(Beginning of Information supplied)

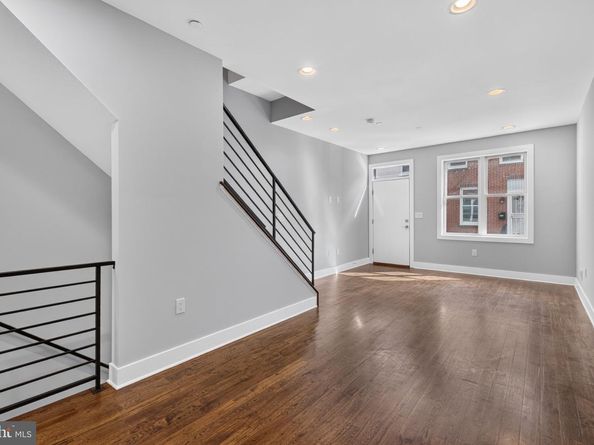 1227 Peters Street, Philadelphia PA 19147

(End of Information supplied)
(Beginning of Information supplied)

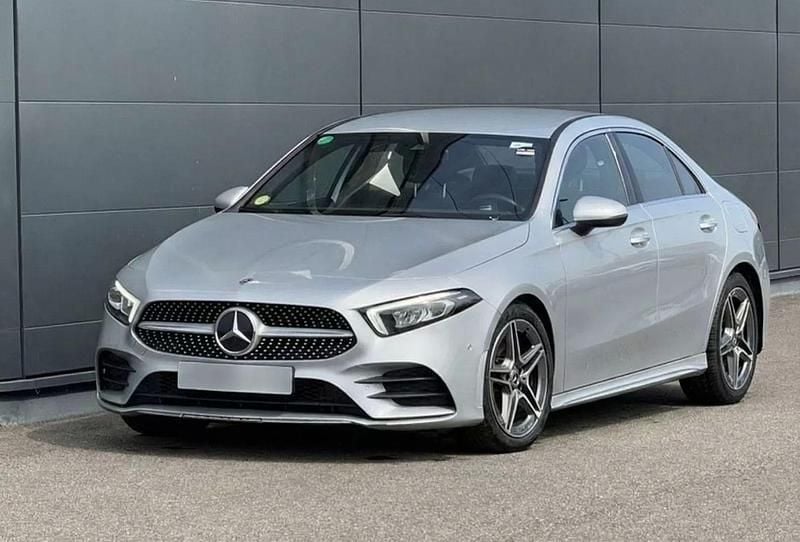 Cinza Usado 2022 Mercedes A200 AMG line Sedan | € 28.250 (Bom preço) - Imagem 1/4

(End of Information supplied)
(Beginning of Information supplied)

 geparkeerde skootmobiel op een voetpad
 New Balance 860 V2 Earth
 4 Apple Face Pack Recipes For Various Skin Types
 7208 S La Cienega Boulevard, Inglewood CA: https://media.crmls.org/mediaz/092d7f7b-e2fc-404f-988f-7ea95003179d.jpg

(End of Information supplied)

_Task goal_
Using the records above, restate word for word the lines from the one with "New Balance 860 V2 Earth" through the one with "7208 S La Cienega", both included.

_Result of this exercise_
 New Balance 860 V2 Earth
 4 Apple Face Pack Recipes For Various Skin Types
 7208 S La Cienega Boulevard, Inglewood CA: https://media.crmls.org/mediaz/092d7f7b-e2fc-404f-988f-7ea95003179d.jpg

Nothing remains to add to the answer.